● Excerpted data
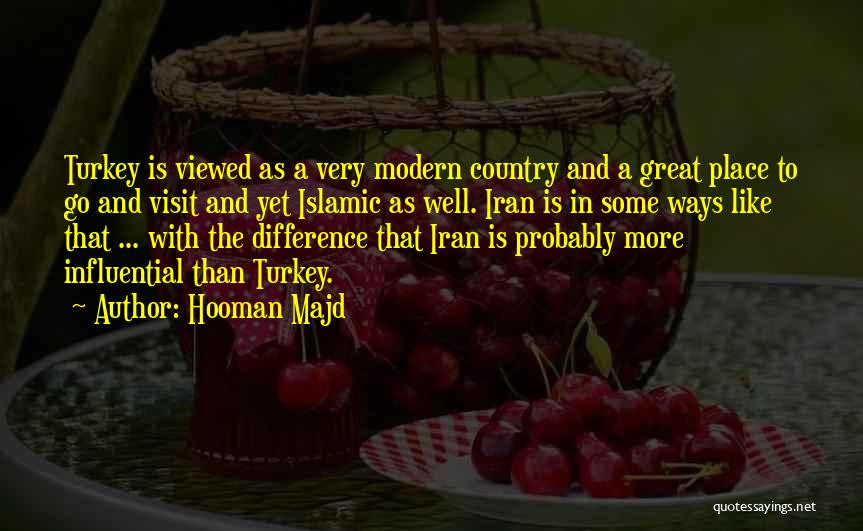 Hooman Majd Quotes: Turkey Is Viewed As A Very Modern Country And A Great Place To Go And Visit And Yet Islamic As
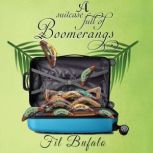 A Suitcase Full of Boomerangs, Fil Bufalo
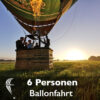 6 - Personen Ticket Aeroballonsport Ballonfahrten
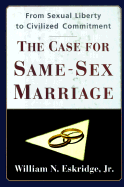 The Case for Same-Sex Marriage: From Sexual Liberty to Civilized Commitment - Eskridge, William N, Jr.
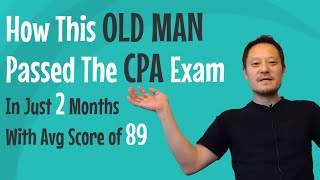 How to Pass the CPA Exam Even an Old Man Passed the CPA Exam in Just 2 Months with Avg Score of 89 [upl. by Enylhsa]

==

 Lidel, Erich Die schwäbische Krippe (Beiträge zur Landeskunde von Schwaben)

--

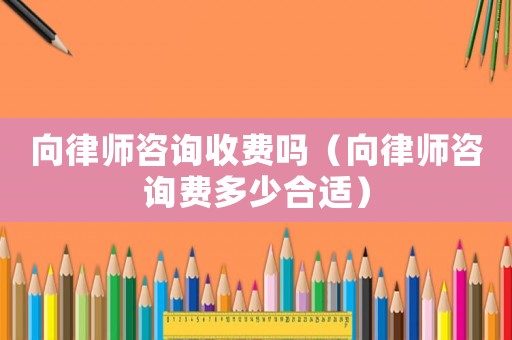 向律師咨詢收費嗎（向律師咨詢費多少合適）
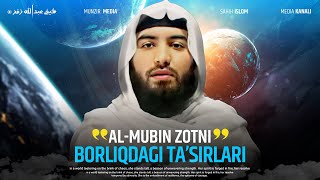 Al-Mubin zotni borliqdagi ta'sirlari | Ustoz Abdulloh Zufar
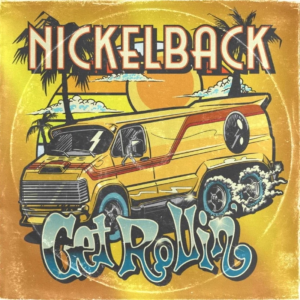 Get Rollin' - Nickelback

● Exercise prompt
Your reply is to be an exact repeat of the listing above from the line holding "Hooman Majd Quotes: Turkey" down to the line holding "The Case for", ends included, pictures excluded.

● Task answer
 Hooman Majd Quotes: Turkey Is Viewed As A Very Modern Country And A Great Place To Go And Visit And Yet Islamic As
 A Suitcase Full of Boomerangs, Fil Bufalo
 6 - Personen Ticket Aeroballonsport Ballonfahrten
 The Case for Same-Sex Marriage: From Sexual Liberty to Civilized Commitment - Eskridge, William N, Jr.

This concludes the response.